Attendees at our monthly Lunch Clubs may have had the pleasure of meeting Henry Webb, a lively widower with shining eyes and great energy. A Tottenham resident, he is a regular at the Lunch Club, alongside his friend Jason. Local journalist Telma Marotto spoke with Henry about his life and his approach to the turns it has taken.
The first time Jason and Henry came to the Hornsey Vale Community Centre was in 2014. They had a friend in common who used to live in Denton Road and was ill. Jason had heard about the lunch, which was across the street from their friend, and he invited Henry to attend, to try to persuade their friend to go with them. Their friend declined in the end, but since they were already so close and “had to eat anyways” they decided to check out the venue. Since then, they keep coming together almost every month.
“We really enjoy it and we will keep coming, because without people coming, it will stop,’’ Henry said on a recent bright Saturday morning at nearby Stationers Park. “For many people this is all they’ve got, so if we can be there for them, we will. And we have fun.”
Even though Henry does not live in Crouch End, his relationship with the Hornsey Vale area started long ago, even if in an indirect way. Henry was a printer for most of his life and in the 1950s was indentured with the Stationers’ Company. The park where we are having our chat on this sunny mid-June morning was built on the site of a former Stationers’ Company School, which makes me realise how much of London history I was about to get into in the next hour and a half with this North Londoner explorer.
Don’t think it’s easy to find time in Henry’s schedule. At the age of 86, he keeps himself busy: gym twice a week followed by coffee with the gym colleagues and, once a month, lunch at the centre; volunteering twice a week. On Fridays and Sundays he meets his daughter for a meal, chat, and walk with her dogs. Saturday is his day off. Lucky me!
Keeping himself busy is part of what brings a smile to this face even after a heart condition that has left him with five stents. Doing all this is “better than sitting on a couch somewhere, isn’t it?” he says.
The gym and the walks around North London keep him fit, which he says is part of the secret of getting to his age with joy. Twice a week he volunteers at Whittington Hospital, helping people find their way around the wards. Going up and down the hospital stairs is part of his regular physical activity and gives him the chance to “meet all sorts of people, from all sorts of cultures.” He finds it entertaining to spend the hours chatting with them as he helps them around the hospital.
Filling his days with events that he finds fun is part of the creative approach Henry has towards life. It required a lot of creativity being brought up during the mass unemployment of the 1980s and early 1990s, when the number of people on the dole sky-rocketed. “There were 3 million unemployed and I was one of them. I must have written 50 job applications or more. I made a career of being made redundant,” he says.

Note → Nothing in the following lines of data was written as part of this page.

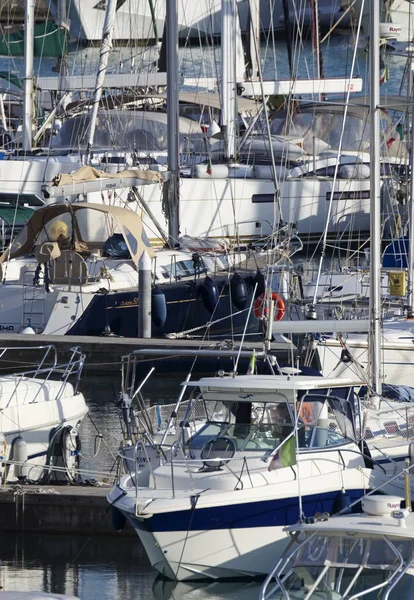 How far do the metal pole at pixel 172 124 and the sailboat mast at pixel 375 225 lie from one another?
32.1 feet

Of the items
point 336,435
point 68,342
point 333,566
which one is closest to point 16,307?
point 68,342

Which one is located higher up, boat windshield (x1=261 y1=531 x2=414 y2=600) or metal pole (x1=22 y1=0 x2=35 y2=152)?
metal pole (x1=22 y1=0 x2=35 y2=152)

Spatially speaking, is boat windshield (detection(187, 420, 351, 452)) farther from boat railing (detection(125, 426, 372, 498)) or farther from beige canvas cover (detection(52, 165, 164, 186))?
beige canvas cover (detection(52, 165, 164, 186))

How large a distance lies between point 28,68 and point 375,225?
1914 cm

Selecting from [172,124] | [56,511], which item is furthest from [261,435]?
[172,124]

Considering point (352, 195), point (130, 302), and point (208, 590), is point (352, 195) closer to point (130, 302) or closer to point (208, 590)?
point (130, 302)

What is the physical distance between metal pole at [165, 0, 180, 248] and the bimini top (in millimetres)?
952

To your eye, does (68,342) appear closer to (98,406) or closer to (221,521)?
(98,406)

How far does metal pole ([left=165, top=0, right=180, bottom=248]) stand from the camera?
26.7 m

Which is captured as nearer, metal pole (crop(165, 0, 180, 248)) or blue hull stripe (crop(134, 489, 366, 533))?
blue hull stripe (crop(134, 489, 366, 533))

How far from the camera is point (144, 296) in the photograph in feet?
76.7

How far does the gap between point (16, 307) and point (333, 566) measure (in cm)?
1584

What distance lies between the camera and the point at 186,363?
23.8 m

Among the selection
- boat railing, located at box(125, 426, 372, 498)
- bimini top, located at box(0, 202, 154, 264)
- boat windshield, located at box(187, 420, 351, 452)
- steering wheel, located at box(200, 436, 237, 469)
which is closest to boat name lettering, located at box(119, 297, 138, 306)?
bimini top, located at box(0, 202, 154, 264) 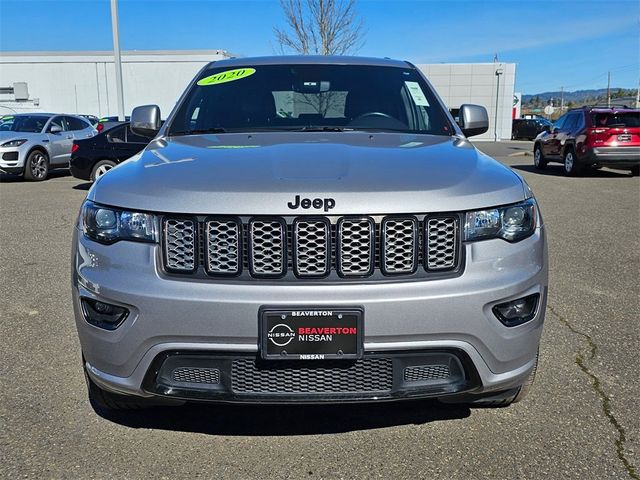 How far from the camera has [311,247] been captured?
88.0 inches

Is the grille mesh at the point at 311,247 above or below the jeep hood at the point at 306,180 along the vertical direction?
below

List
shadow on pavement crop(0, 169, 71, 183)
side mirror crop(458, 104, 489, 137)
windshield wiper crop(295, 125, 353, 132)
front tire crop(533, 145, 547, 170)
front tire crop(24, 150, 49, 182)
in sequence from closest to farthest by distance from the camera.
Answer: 1. windshield wiper crop(295, 125, 353, 132)
2. side mirror crop(458, 104, 489, 137)
3. front tire crop(24, 150, 49, 182)
4. shadow on pavement crop(0, 169, 71, 183)
5. front tire crop(533, 145, 547, 170)

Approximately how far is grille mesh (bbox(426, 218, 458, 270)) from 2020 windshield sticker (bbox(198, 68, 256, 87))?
2.14 meters

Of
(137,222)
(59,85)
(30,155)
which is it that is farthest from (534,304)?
(59,85)

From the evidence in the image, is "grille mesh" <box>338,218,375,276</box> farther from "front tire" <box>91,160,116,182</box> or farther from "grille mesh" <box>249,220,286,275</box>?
"front tire" <box>91,160,116,182</box>

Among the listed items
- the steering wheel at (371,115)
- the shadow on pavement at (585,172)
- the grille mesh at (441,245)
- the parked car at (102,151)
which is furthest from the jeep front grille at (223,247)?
the shadow on pavement at (585,172)

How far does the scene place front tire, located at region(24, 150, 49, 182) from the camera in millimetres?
14062

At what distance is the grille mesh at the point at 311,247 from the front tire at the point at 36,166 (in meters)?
13.7

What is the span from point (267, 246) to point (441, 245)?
0.66 meters

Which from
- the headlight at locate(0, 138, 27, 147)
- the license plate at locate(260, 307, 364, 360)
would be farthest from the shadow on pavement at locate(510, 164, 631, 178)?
the license plate at locate(260, 307, 364, 360)

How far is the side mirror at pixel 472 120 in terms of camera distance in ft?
13.0

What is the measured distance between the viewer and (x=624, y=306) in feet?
15.0

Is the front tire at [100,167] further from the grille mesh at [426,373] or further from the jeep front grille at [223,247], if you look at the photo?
the grille mesh at [426,373]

To make ends meet, he and many others at that time had to find ways into the system. He applied for the government-sponsored Enterprise Training Scheme and after this course, for 14 months, he tried printing business cards from home. “Of course this is pretty useless if you have 3 million unemployed. It wasn’t a great business idea,” he laughs. After that, he joined the mature grant university program for a degree in IT.
Even though he never worked in IT, Henry learned how to find activities that would be fulfilling for him.
If you want to know more about this chatty man and get a taste of real-life London history, you can meet him in one of the monthly Lunch Clubs. I surely recommend it.